Slovakia is ranked as the 38th richest country in the world and its service sector, car manufacturing and electrical engineering industries mainly generate its GDP.
The official language of Slovakia is Slovak, but fortunately for us English is also spoken in the larger towns and tourist areas, but then still only by the younger generation. Therefore when we were in the smaller towns and rural areas it all got a bit more difficult. The written script was also a bit of a challenge for us, full of consonants and accents, it made it hard for to guess the meaning.
The site of Bratislava Castle first became a stronghold to monitor trade in the 9th century. It was here that the ancient “Amber Trade Route” crossed the Danube. It was fortified in the 11th and 12th centuries, before being rebuilt in a gothic style during the 15th century. The following centuries saw much remodelling before it burnt down in 1811 and only restored in the 1950’s. Today it houses exhibitions of Slovak and Bratislava history and culture.
Cachtice Castle stands 375m high up on a rocky hill, offering a striking view of the surrounding landscape. The Small Carpathian Mountains and the Myjava Plateau can both be seen from here. The castle was constructed in the 13th century as part of a defence system for the western border of the Hungarian Kingdom. Over the following centuries the most famous person associated with Cachtice was the “Blood Countess” Elizabeth Bathory, wife of the district chief and Hungarian army captain, Ferenc Nadasdy. Between 1585 and 1610, Bathory was responsible for the murder of over 600 young girls from the local area. It was said that she lured them to the castle, and other properties in the area, with the promise of work, and then killed them for their blood. She would then bathe in the collected blood to try and maintain her youth. Her punishment for this crime was to be imprisoned in the castle for the rest of her life.

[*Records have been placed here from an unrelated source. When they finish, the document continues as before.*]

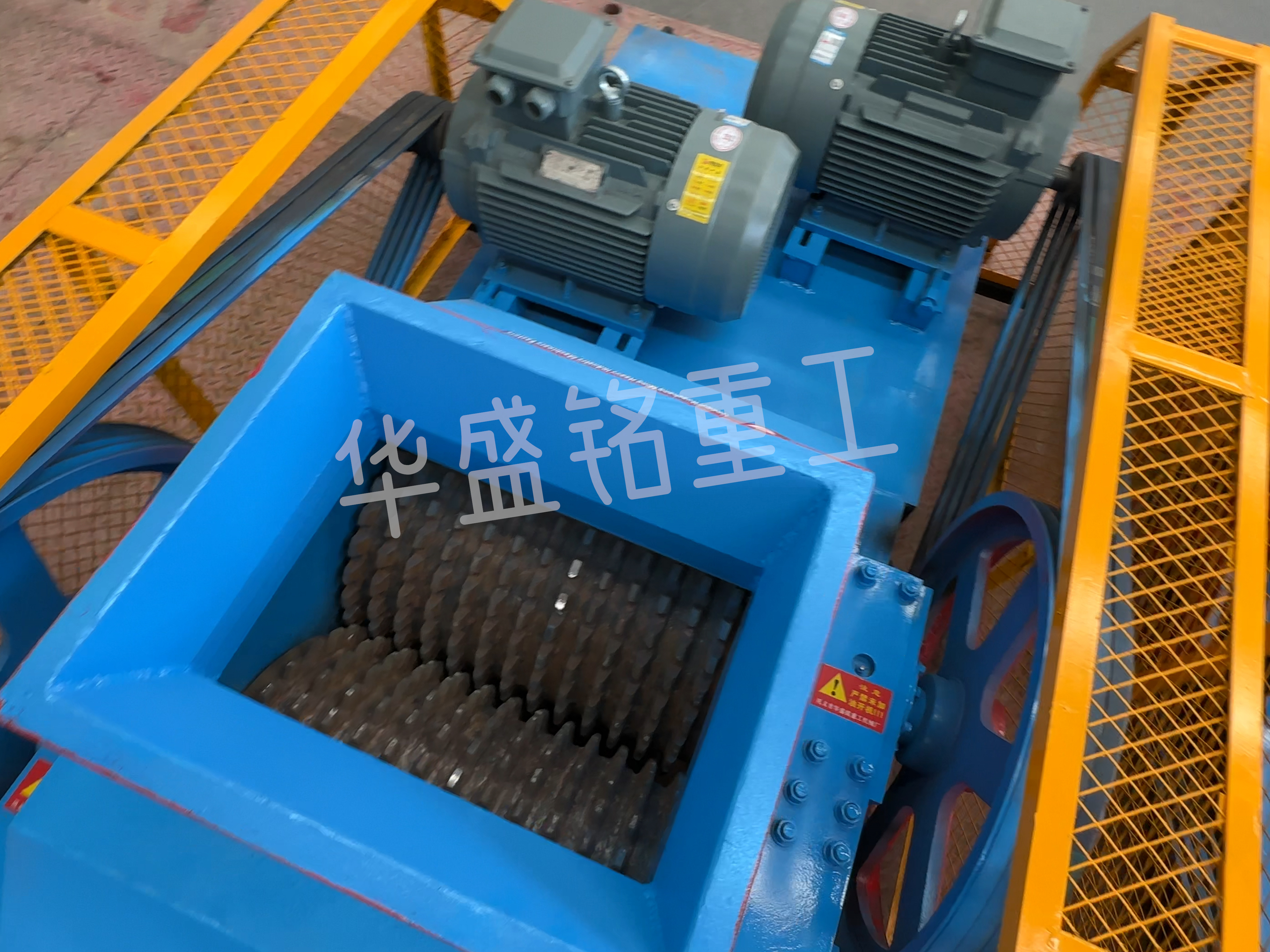 大塊瀝青料破碎機(jī),瀝青銑刨料破碎機(jī),瀝青再生料雙齒輥破碎機(jī)廠家 
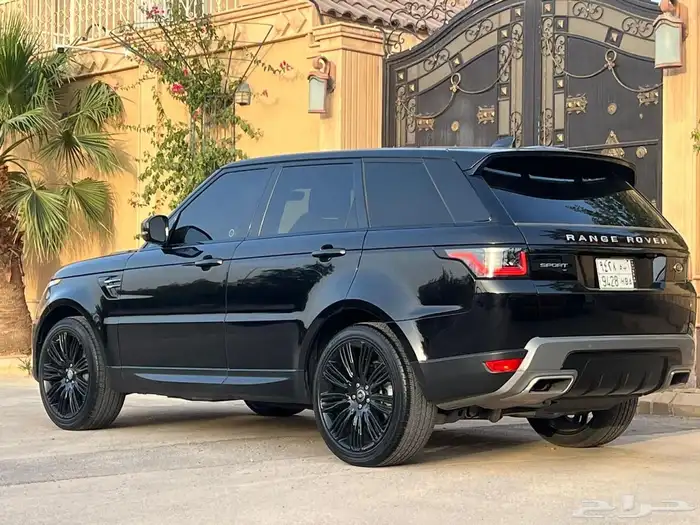 رنج روفر سبورت ديزل 2021 ( بحالة الوكالة ) 3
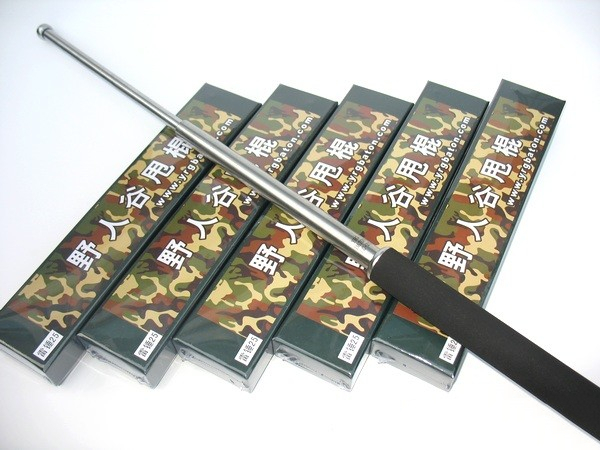 如何使用伸缩甩棍？
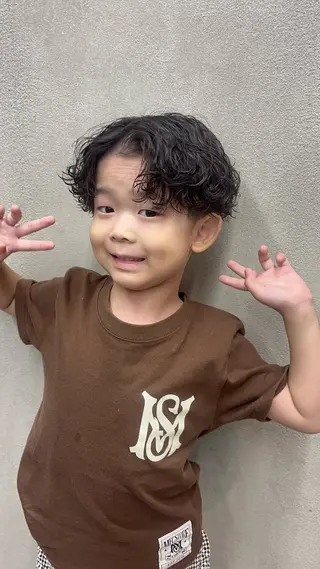 パーマ メンズ 岡本 悠聖のヘアスタイル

By the early 18th century the castle no longer served a purpose and fell into ruin, and was only rescued in the 20th century. So what about this pilgrimage mentioned above, I hear you ask. Well, for those familiar with heavy metal music, and I expect that is most of you, the infamous acts of Elizabeth Bathory are the theme for a Cradle of Filth album “Cruelty and the Beast” (check out the album cover). So as I am a big metal fan and consider Cradle of Filth one of my favourite bands, a visit here was a must.
The village is the best-preserved example of folk architecture in Slovakia. Thanks to its unique original wooden buildings, it was inscribed on the UNESCO World Heritage List in 1993.
Legend says that the name Vlkolínec is taken from the presence of wolves in this area, as the Slovak word ‘vlk’ means wolf. Other sources cite the village being named after the ditches that were discovered here, called ‘vlčia jama.’ These were camouflaged holes dug into the ground with stakes at the bottom and used in the past mostly to catch wild game, or as a form of defense against unwanted visitors. The residents of this exceptionally scenic village lived off the land through agriculture, sheep farming, and woodcutting. They also applied their woodcutting skills in the construction of their homes, many of which have been preserved in their original state to the present day. This small village appears to have resisted the passage of time and change, as more than 40 preserved idyllic wooden homes can be seen. These charming log houses are set on stone foundations with clay- covered walls and shingled roofs. It also has several distinctive monuments, like the two-story wooden belfry built in 1770 on rock foundations, the rare wooden log well from the 1860’s and the small brook running over wooden gutters down through the village center. At present, around twenty people live in this unique village, respecting and reviving the traditions of their ancestors.